16. Max-Min Problems
a. Local Minima, Local Maxima and Saddle Points
4. Second Derivative Test with More Variables (Optional)
The second derivative test generalizes to functions with more than two
variables. First notice that the discriminant, \(D\), is the determinant of
the two-dimensional
Hessian matrix:
\[
D=\begin{vmatrix}
f_{xx} & f_{xy} \\
f_{yx} & f_{yy}
\end{vmatrix}
=f_{xx}f_{yy}-f_{xy}^2
\]
For each additional variable, we have a bigger Hessian determinant:
\(D_1=f_{xx}\)
\(D_2=\begin{vmatrix}
f_{xx} & f_{xy} \\
f_{yx} & f_{yy} \\
\end{vmatrix}\)
\(D_3=\begin{vmatrix}
f_{xx} & f_{xy} & f_{xz} \\
f_{yx} & f_{yy} & f_{yz} \\
f_{zx} & f_{zy} & f_{zz} \\
\end{vmatrix}\)
\(D_4=\begin{vmatrix}
f_{xx} & f_{xy} & f_{xz} & f_{xu} \\
f_{yx} & f_{yy} & f_{yz} & f_{yu} \\
f_{zx} & f_{zy} & f_{zz} & f_{zu} \\
f_{ux} & f_{uy} & f_{uz} & f_{uu} \\
\end{vmatrix}\)
\(D_5=\begin{vmatrix}
f_{xx} & f_{xy} & f_{xz} & f_{xu} & f_{xv} \\
f_{yx} & f_{yy} & f_{yz} & f_{yu} & f_{yv} \\
f_{zx} & f_{zy} & f_{zz} & f_{zu} & f_{zv} \\
f_{ux} & f_{uy} & f_{uz} & f_{uu} & f_{uv} \\
f_{vx} & f_{vy} & f_{vz} & f_{vu} & f_{vv} \\
\end{vmatrix}\)
\(\cdots\)
\(D_n=\begin{vmatrix}
f_{xx} & f_{xy} & f_{xz} & f_{xu} & \cdots & f_{xw} \\
f_{yx} & f_{yy} & f_{yz} & f_{yu} & \cdots & f_{yw} \\
f_{zx} & f_{zy} & f_{zz} & f_{zu} & \cdots & f_{zw} \\
f_{ux} & f_{uy} & f_{uz} & f_{uu} & \cdots & f_{uw} \\
\vdots & \vdots & \vdots & \vdots & \ddots & \vdots \\
f_{wx} & f_{wy} & f_{wz} & f_{wu} & \cdots & f_{ww} \\
\end{vmatrix}\)
These determinants are called the
leading principle minor determinants
(LPMD's) of the Hessian matrix. The
Second Derivative Test is stated in terms of the LPMD's.

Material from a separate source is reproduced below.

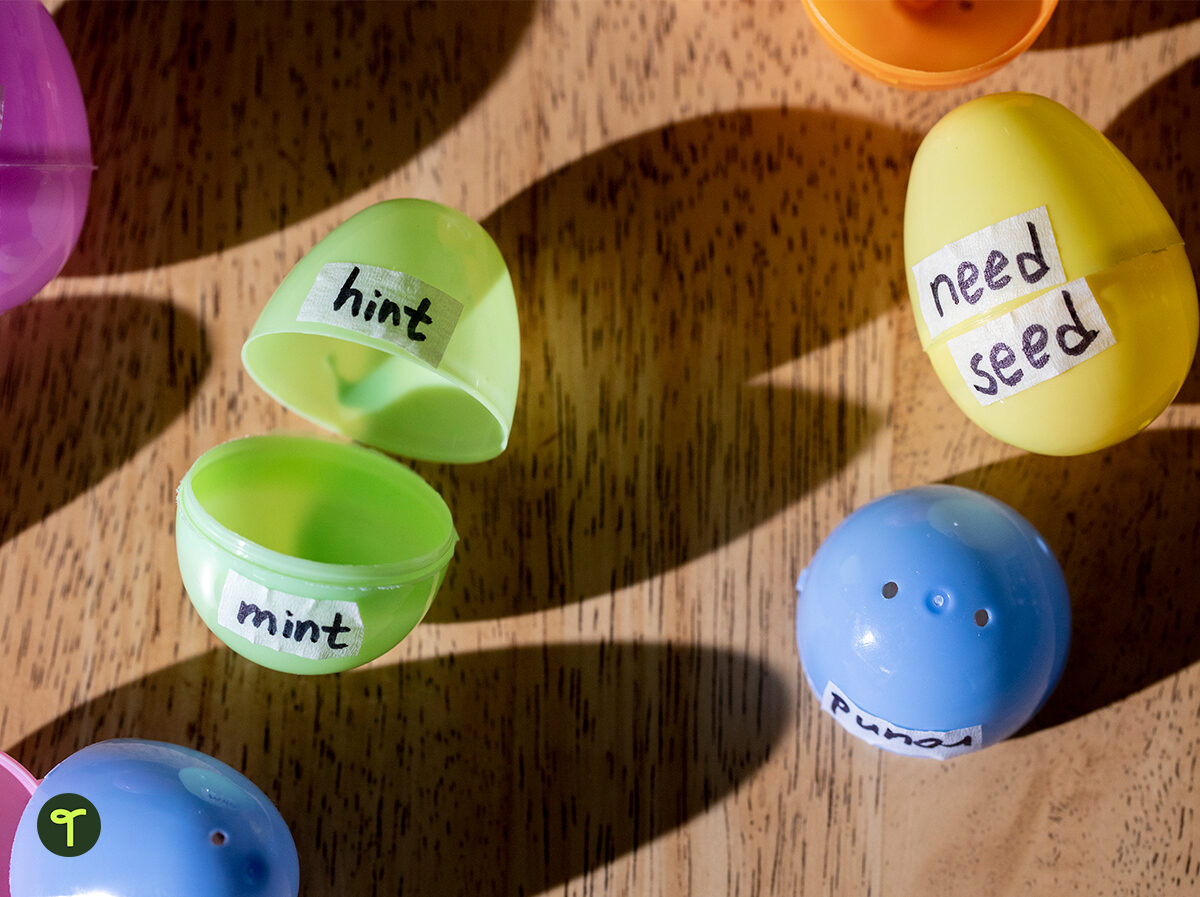 easter egg matching rhyming words game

Consider a function of \(n\) variables \(f(\vec x)\) and assume \(\vec c\) is a critical point of \(f\), i.e. \[ \vec\nabla f(\vec c)=\vec0 \] Assume the LPMD's have been evaluated at \(\vec c\).

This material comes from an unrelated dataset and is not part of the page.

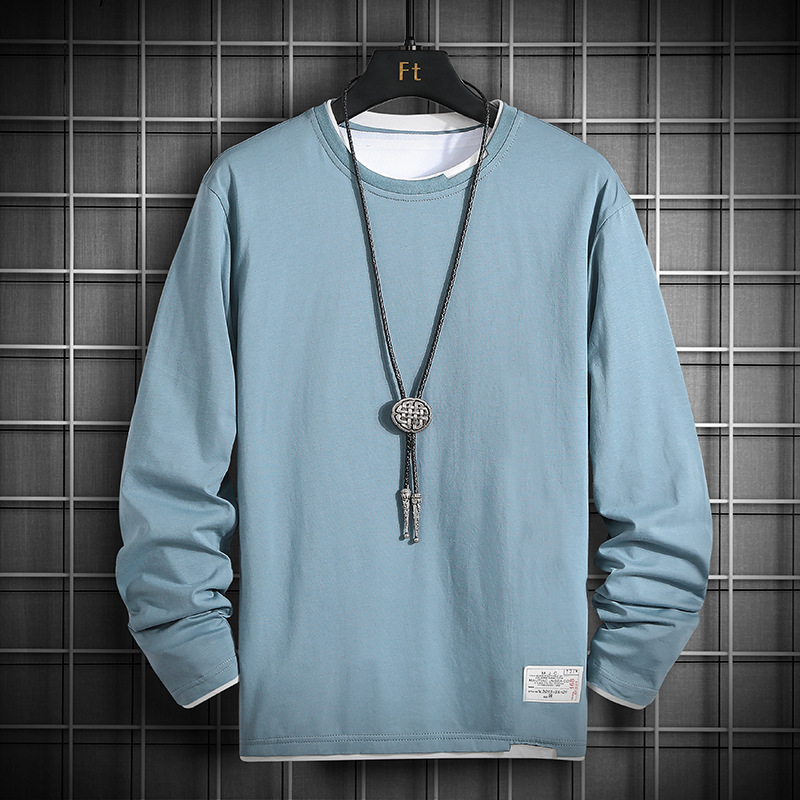 長袖Tシャツ メンズ ロンT 切り替え クルーネック Tシャツ 春服 白 20代 インナー 30代 秋服 40代 無地 黒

- If all the LPMD's are positive, i.e. \(D_1 > 0, D_2 > 0, D_3 > 0, \cdots, D_n > 0\), then the critical point \(\vec c\) is a local minimum.

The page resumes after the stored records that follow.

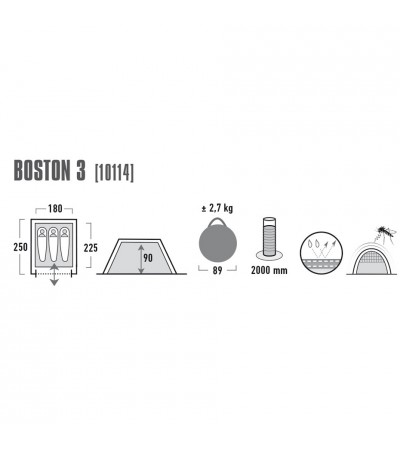 Namiot High Peak Boston 3 szary 10114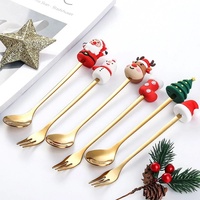 Cadeaux de Noël 2025 Ensemble de couverts Nouveau design Noël Ensemble de cuillères et de fourchettes mignonnes en acier inoxydable Cuillère à café dorée pour cadeau
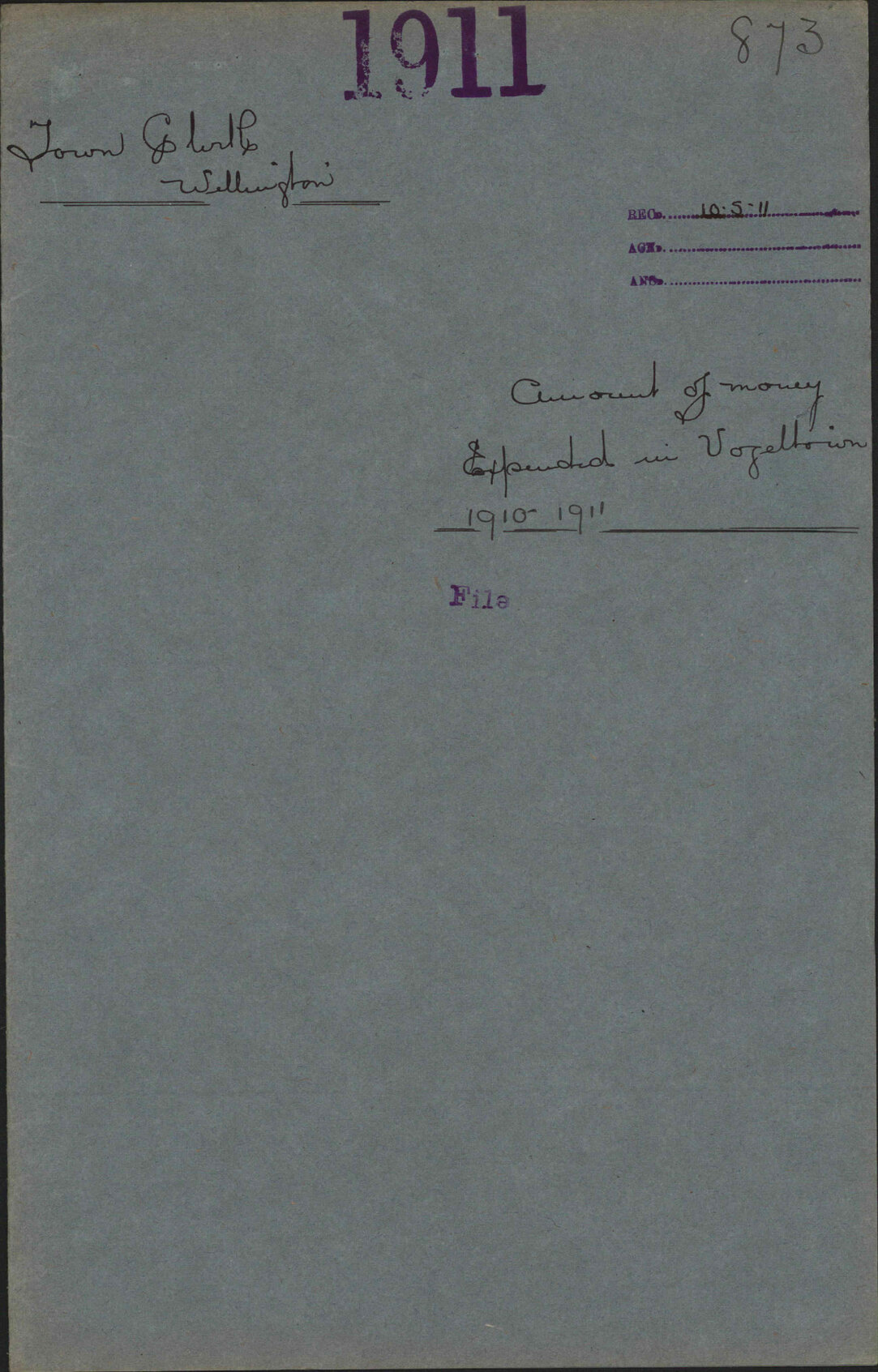Amount of money expended in Vogeltown 1910-11 - Town Clerk, Wellington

- If the odd LPMD's are all negative and the even LPMD's are all positive, i.e. \(D_1 < 0, D_3 < 0, D_5 < 0,\cdots\) and \(D_2 > 0, D_4 > 0, D_6 > 0,\cdots\), then the critical point \(\vec c\) is a local maximum.
- If \(D_n \ne 0\) but cases (1) and (2) do not hold, then the critical point \(\vec c\) is a saddle point.
- Otherwise, (i.e. when \(D_n=0\)) the TEST FAILS.
Justification
To justify the second derivative test, we will only look at the cases where all the mixed second partial derivatives are \(0\). In that case, the Hessian is diagonal and the \(k^\text{th}\) LPMD is the product of the first \(k\) direct second partial derivatives, e.g. \(D_4=f_{xx}f_{yy}f_{zz}f_{uu}\). In particular, \(D_n\) is the product of all \(n\) direct second partial derivatives. In the first three cases, \(D_n \ne 0\). So all the direct second partial derivatives are nonzero.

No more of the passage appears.